Using HTML, CSS (Cascading Style Sheets) and JavaScript to develop applications that run in the browser holds the promise of applications that work on different platforms, making life easier for both developers and users. Developers can write an application once and users can switch to a new phone based on a different OS and still keep all of their applications, according to Norwegian browser company Opera.
For this vision to become a reality, developers need easy-to-use tools, and in that space a lot of things are happening.
Sony Ericsson has made a tool called WebSDK Packager open source, it said in a blog post Tuesday. The WebSDK Packager is a good fit for developers with expertise in HTML, CSS and JavaScript who are adept at creating Web applications but are not familiar with the complexities of the mobile environment, according to Sony Ericsson.
On Saturday, Hewlett-Packard demonstrated Enyo, an upcoming framework for webOS, which is used on Palm smartphones, at its webOS Developer Day in New York. Enyo is designed to make it easier to develop applications for smartphones and tablets at the same time, according to HP.
Today, good development tools are only the first step. The ability for developers to make money off their applications is also a very important driver. Recently, Mozilla announced a prototype of what it calls "an Open Web App ecosystem", a system that aims to ease discovery, installation and use of applications based on HTML, CSS and JavaScript, while also enabling developers to make money via multiple applications stores. There is no official launch date yet, but "we look forward to making this concept a reality," Mozilla said.
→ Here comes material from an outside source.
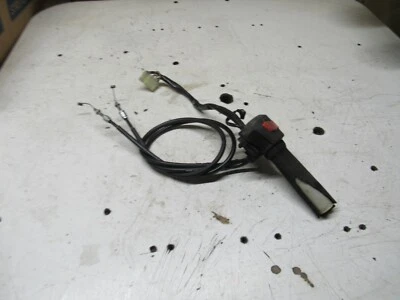 1990 Honda VTR250 250 Interceptor Right Hand Control Foto 1 de 4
It isn't just established companies that are making the Web vision a reality on smartphones. Sony Ericsson's WebSDK Packager tool is based on the PhoneGap open source framework, which was created by Nitobi.
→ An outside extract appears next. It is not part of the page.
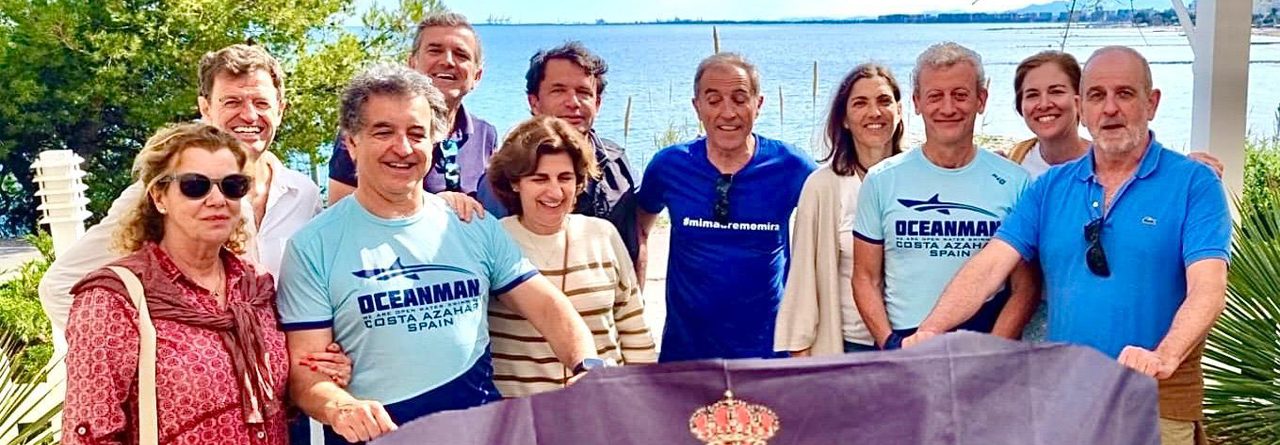 Exitosa participación del RACE en la Oceanman Costa de Azahar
Earlier this month, Nitobi announced the beta of PhoneGap Build, a cloud-based tool that allows developers to write applications using HTML, CSS and JavaScript, upload their apps to PhoneGap Build, and get back applications that work natively on smartphones based on Android, webOS, Symbian and the BlackBerry OS, and soon on iOS, Windows Mobile, MeeGo and Bada.
The tool will be free for open source projects; pricing details for commercial applications will be announced as the public launch nears.
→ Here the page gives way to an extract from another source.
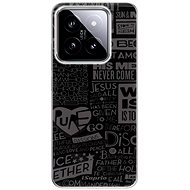 iSaprio Text 01 - Xiaomi 14 - Phone Cover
However, Nitobi's hope is that what the company is doing today on PhoneGap will eventually be folded into the browser, according to Brian LeRoux, chief software architect at Nitobi, who took part in a panel discussion on cross-platform development at HP's developer day.
For the browser to take over, applications need to offer the same experience as native applications and browsers will have to be compatible with each other.
The point when that becomes a reality is close, according to Charles Jolley, creator of the SproutCore open source framework, who also took part in the panel discussion.
Ex-Apple employee Jolley has also founded Strobe, whose goal is to make SproutCore easier for developers to use.
Compatibility between different browsers is not the issue, thanks to the fact that they are all based on Webkit, and the differences that do exist are going away, according to Jolley. However, smartphones are still very memory and resource constrained and, historically, browsers have not been geared to working in that type of environment. But that is also changing, he said.